The Man in the High Castle. Philip K. Dick. 1962. Mariner Books, 2011. 278pp. ★★★★☆ (4/5)
Ars Technica was less than impressed by it, but I recently got hooked on Amazon’s television adaptation of The Man in the High Castle. Frustrated by its not concluding in a single season, I grabbed the book, which won the Hugo for best novel in 1963, to find out how it ended.
After winning World War II, the Germans and Japanese have partitioned the United States between them. The Nazis got the East Coast, the Japs the West. A banned alternate history (in the book, a book; in the show, a series of newsreels) circulates clandestinely. In the book, everyone is talking about it; in the show, the East Coast Nazis will want you dead if you’ve been anywhere near it.
This is a short book, and more happens in the show, so I didn’t get the feeling of closure I was expecting from it after reaching the end.
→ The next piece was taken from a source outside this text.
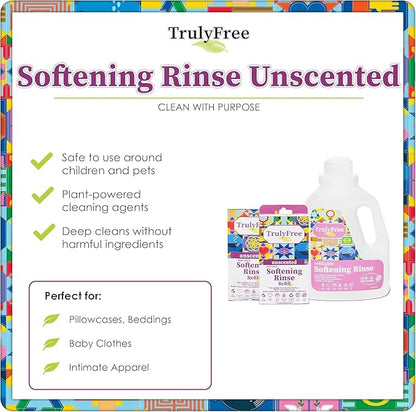 Truly Free Natural Fabric Softener | Non-Toxic for Babies & Kids Sensitive Skin | Plant-Based Laundry Softening Conditioner | Safe, Gentle & Chemical-Free | Unscented | 4 Pack Refill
In fact, the show differs greatly from the book in a way that adaptations rarely do: one could look at the book as merely source material.
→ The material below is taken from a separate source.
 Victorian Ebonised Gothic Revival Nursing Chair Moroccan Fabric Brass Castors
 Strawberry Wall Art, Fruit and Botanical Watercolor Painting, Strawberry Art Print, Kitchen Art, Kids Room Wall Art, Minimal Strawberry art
In the show, the setting is the star: it was the scenes of Japanese-signed San Francisco and swastika-draped New York that drew me in. Others who read the book second, and are encountering Dick’s work for the first time, as I was, may be surprised at the focus on the characters’ interior lives, which are drawn sharply. The antique dealer Childan has an especially distinct flavor: he flips between sycophantic Japanophilia and an equally powerful resentment of the colonists, which is driven by the impossibility of his fitting into their society and the perceived contempt he endures from them. Tagomi, too, is a pleasure to read, and both these characters’ storylines have memorable resolutions.
I say I was surprised by the book’s psychological depth, but I shouldn’t have been. I’ve remarked before how different the Game of Thrones series is from the Song of Ice and Fire books, which show the point-of-view characters from the inside while the series shows them from the outside. We see the same kind of difference as intensely here. Does any television show do interiority as well as books do?
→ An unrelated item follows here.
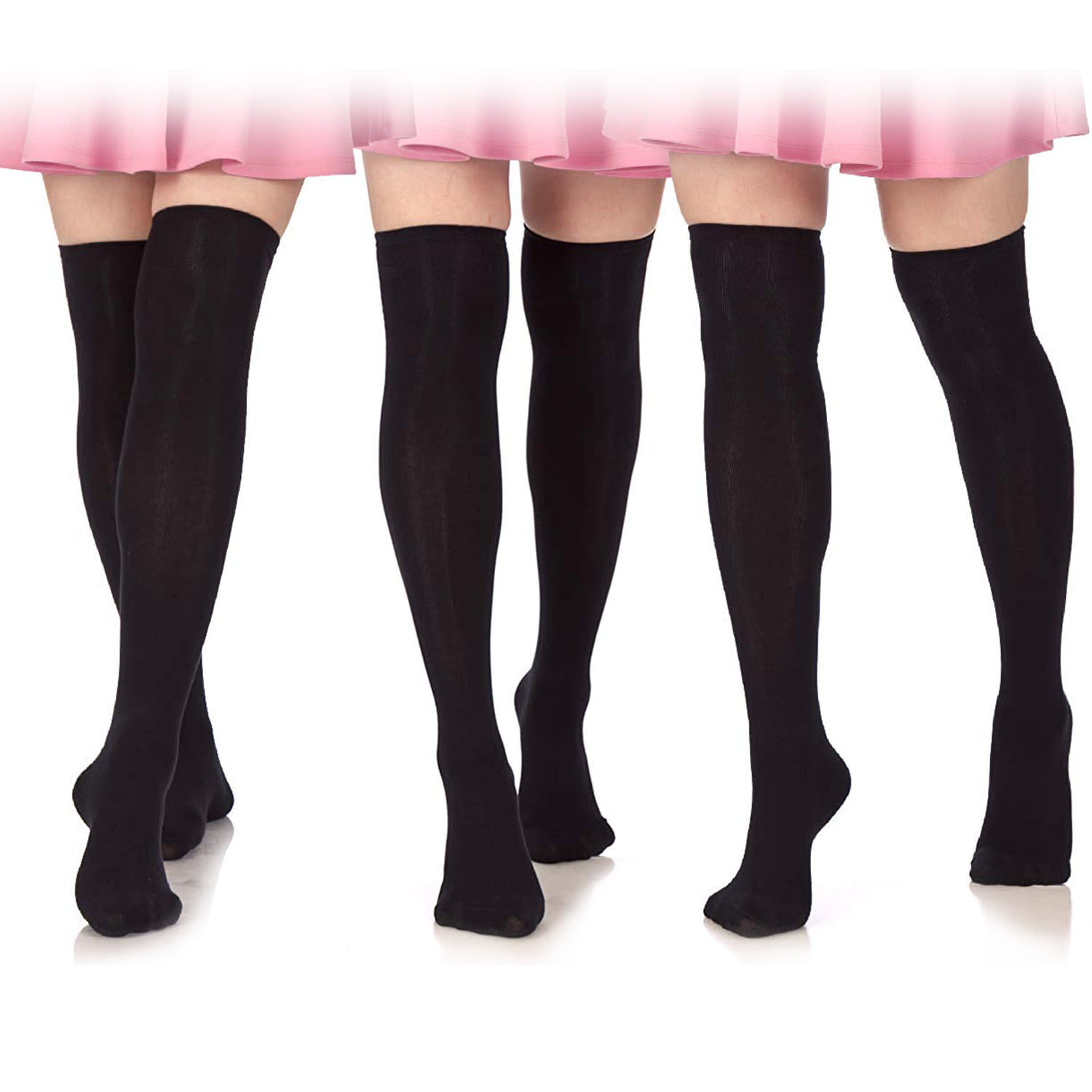 (3 Pairs) Women Tube Socks Over the Knee Thigh High Socks Black ...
The book, like the first season of its adaptation, leaves the most crucial thing unresolved: just how is the alternate reality of The Grasshopper Lies Heavy related to the primary reality of the story’s world? The show makes us wonder if the newsreels have come from our world, which remains the real one—where things went right. In the book, there appears to be a similar hole between the story’s world and our own. At the end, when Juliana meets the Man in the High Castle at last, we might wonder if she’s fallen through, but an apparent episode of mental illness not long before makes us doubt what she’s experiencing.
Unlike the show, the book gives readers no hope of an answer to the question of how the two worlds are connected. But it’s recommended nevertheless, and in its own right, particularly for viewers who feel inspired to read Dick for the first time. If you only know him from screen adaptations, you’re missing out on a lot of character depth, and on high-quality writing.